The glossy HR-driven actions previously mentioned are what typically create headlines, yet it's really the seemingly mundane things that make all the difference.
Want to create an apathetic employee? It's easy - treat them unfairly and diminish their value to the company. These kinds of actions will always outweigh the typical token gestures bestowed upon staff by corporate executives.
Companies can't triple someone's workload with zero compensation, cut their team in half and expect a few bagels to make up for it. The utility of most employee 'perks' is very limited in nature. Meanwhile, the grueling onslaught of a tripled workload never stops.
Remember, with any corporate action the math is almost always in the employer's favour. The more employees realize this the more they disengage.
When employees are fighting a losing battle to maintain a work-life balance, without compensation for a growing workload, the only way to mathematically come out ahead is to let things slide.
For example, if a baker at a cake factory (if there is such a thing) is expected to make 3 times more cakes for the same fixed salary he is either going to work more hours (a losing proposition for the baker) or cut corners on the cakes.
For a baker that takes pride in his work, producing sub-par cakes feels unsatisfactory.

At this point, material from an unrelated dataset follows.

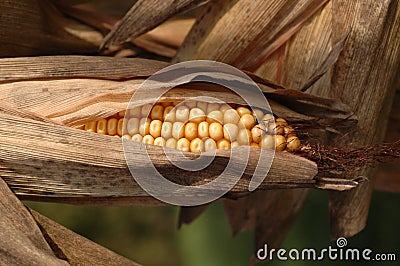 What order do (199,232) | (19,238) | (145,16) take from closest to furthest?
(19,238), (145,16), (199,232)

Yet, the rational baker knows only he loses if he maintains quality. Some will put in the extra effort, but a significant portion will - after first putting up a fight - resign to their fate. To overcome his cognitive dissonance, the proud baker must learn to stop caring and become apathetic. In psychology circles, this is called learned helplessness.

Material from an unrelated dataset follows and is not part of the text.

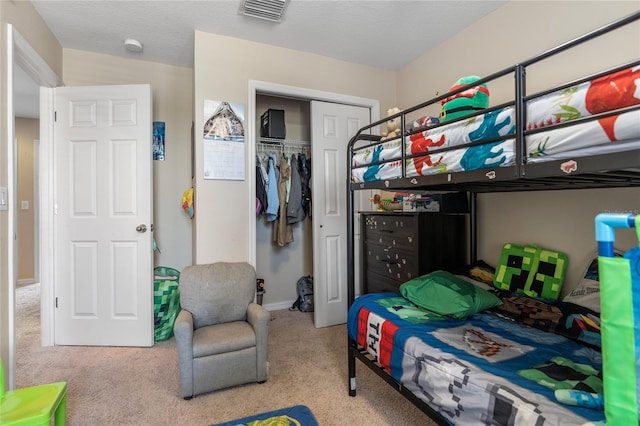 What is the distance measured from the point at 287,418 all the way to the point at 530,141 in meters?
1.50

Going a step further, if the cake factory REALLY wants to create disengaged bakers, it should publicly declare that the new chocolate concoction its baker has spent so much time developing - as requested by senior leaders at the cake factory - is something no customers want.
It's amazing how clueless some 'professional leaders' are about how their words and actions impact staff, and therefore their company's ability to deliver. While stabbing their staff in the gut with one hand, many executives expect their staff to kiss the other. Some will, but many won't. And most of those who refuse will do so quietly, creating the most toxic of environments, replacing the grease that turns the wheels of commerce with molasses.
Some employees in the baker's situation might look for another job. Others will dig in their heels to milk the situation for what they can. Either way, they stop caring, stop trying and stop going the extra mile.